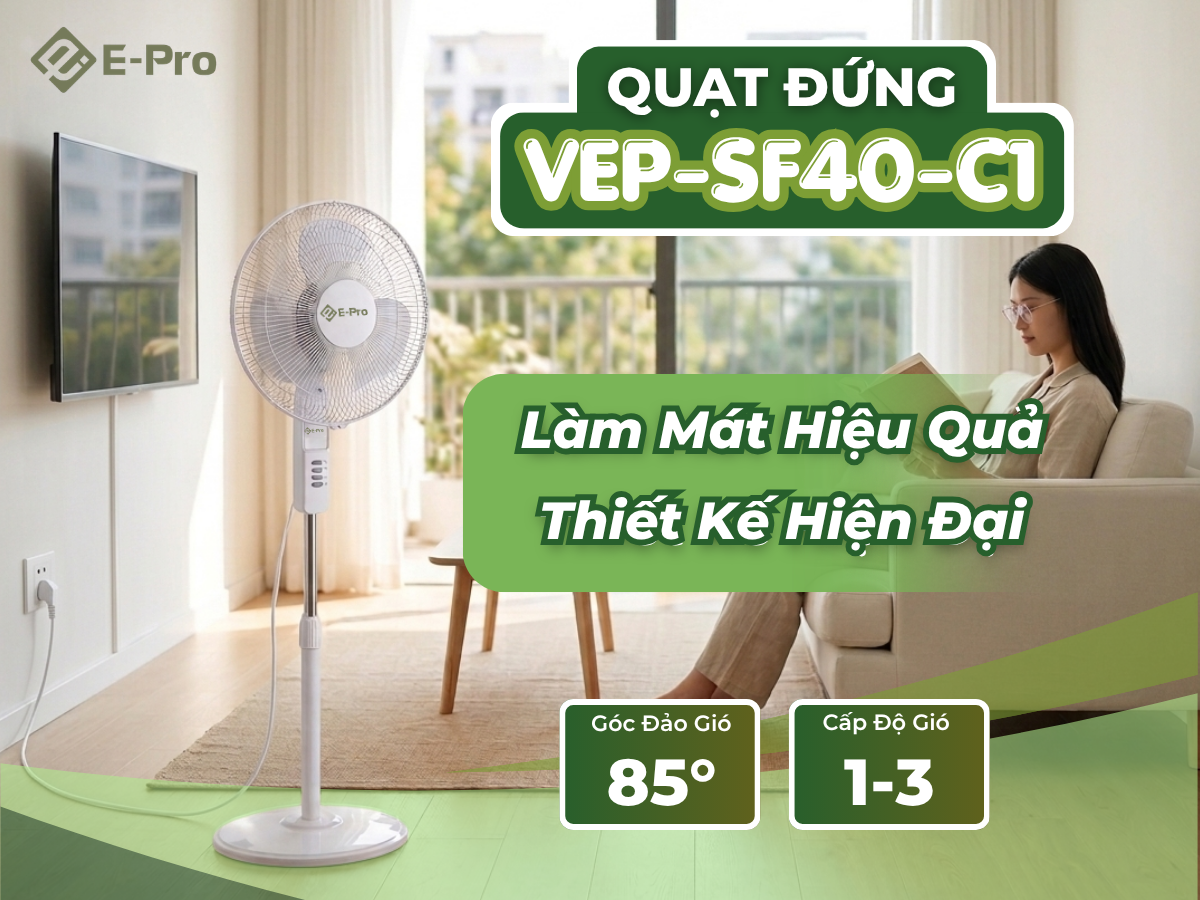 Quạt đứng E-pro VEP-SF40-C1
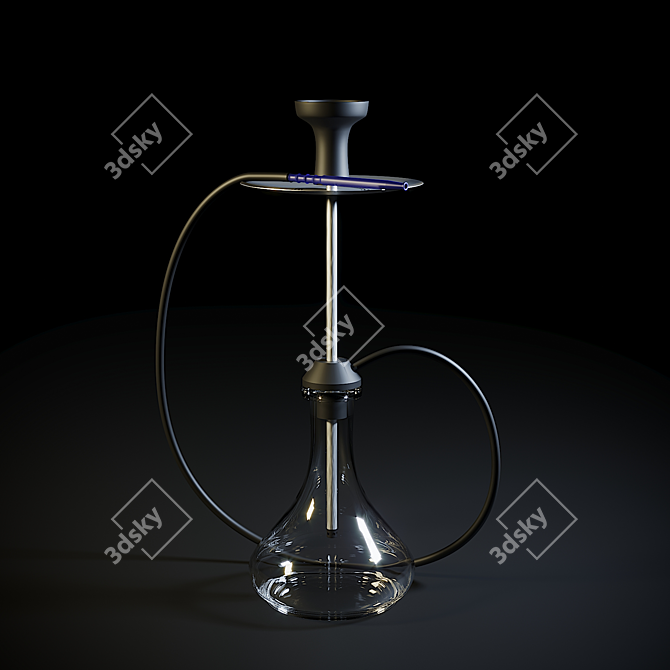 Corona 2 Hookah: The Ultimate Smoking Experience 3D model image 1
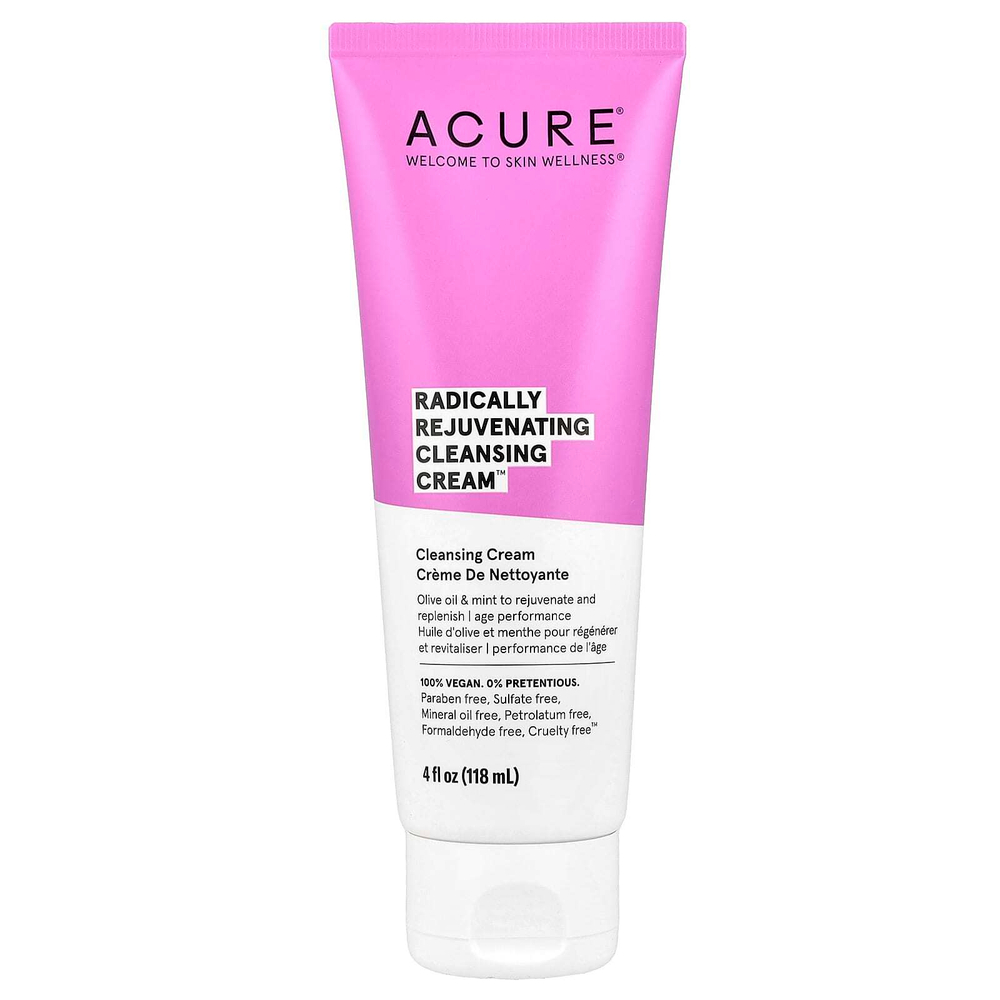 ACURE, Radically Rejuvenating, очищающий крем, 118 мл (4 жидк. унции)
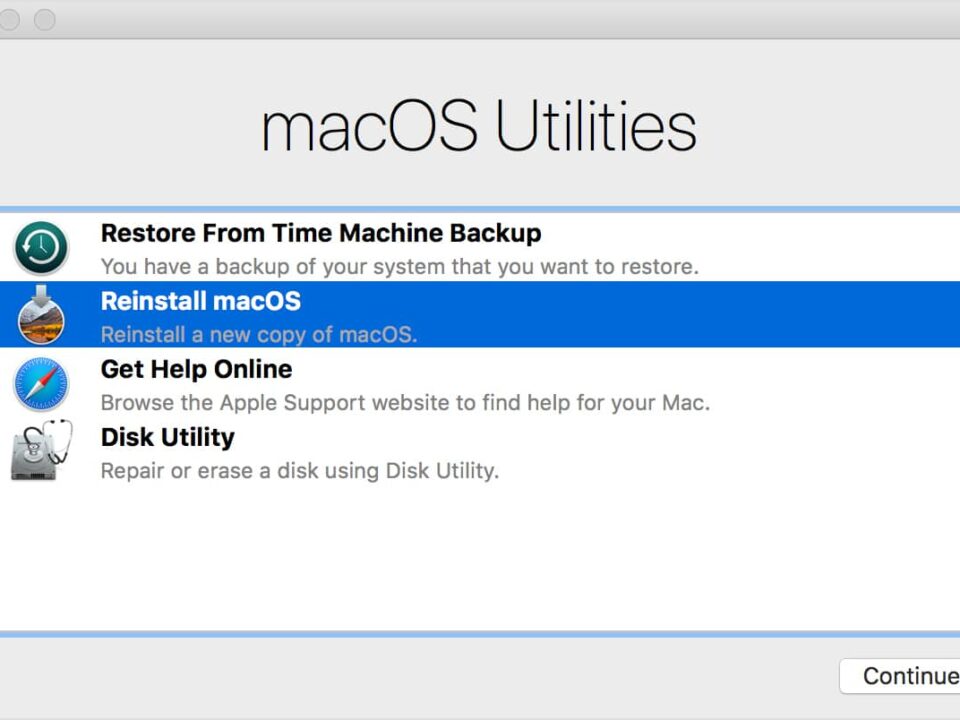 Restore a Mac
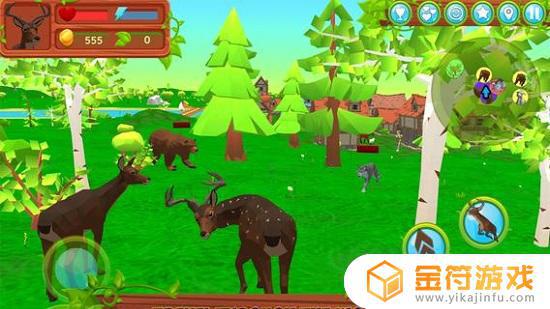 鹿模拟器动物家族手机游戏
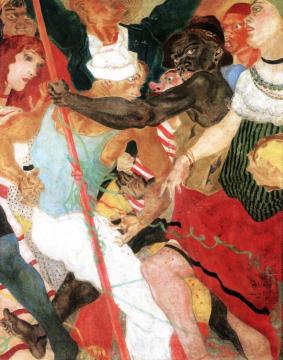 Carnival in Rio de Janeiro Artwork by Tsuguharu Foujita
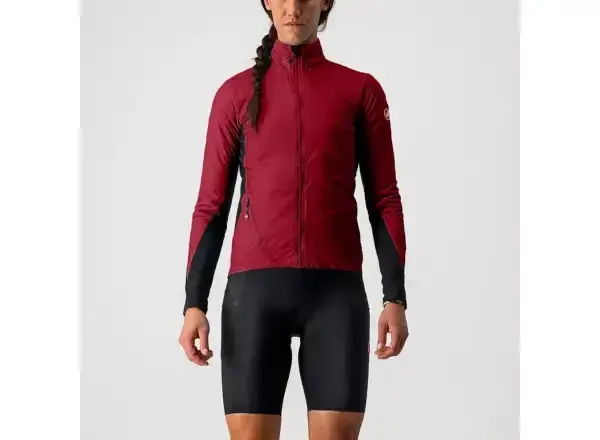 Castelli Unlimited Puffy dámská bunda bordeaux/black/pink vel. S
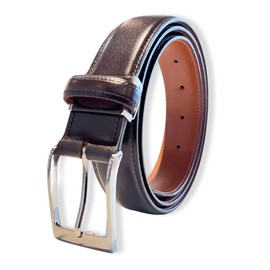 Ein Product Business Belt, Himeji, Leather, Genuine Leather, Made in Japan, Gentleman, Adjustable, dark brown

···

§ **Exercise prompt**
Word for word, return the listing above; the pictures do not belong in the copy.

§ **Written response**
 Quạt đứng E-pro VEP-SF40-C1
 Corona 2 Hookah: The Ultimate Smoking Experience 3D model image 1
 ACURE, Radically Rejuvenating, очищающий крем, 118 мл (4 жидк. унции)
 Restore a Mac
 鹿模拟器动物家族手机游戏
 Carnival in Rio de Janeiro Artwork by Tsuguharu Foujita
 Castelli Unlimited Puffy dámská bunda bordeaux/black/pink vel. S
 Ein Product Business Belt, Himeji, Leather, Genuine Leather, Made in Japan, Gentleman, Adjustable, dark brown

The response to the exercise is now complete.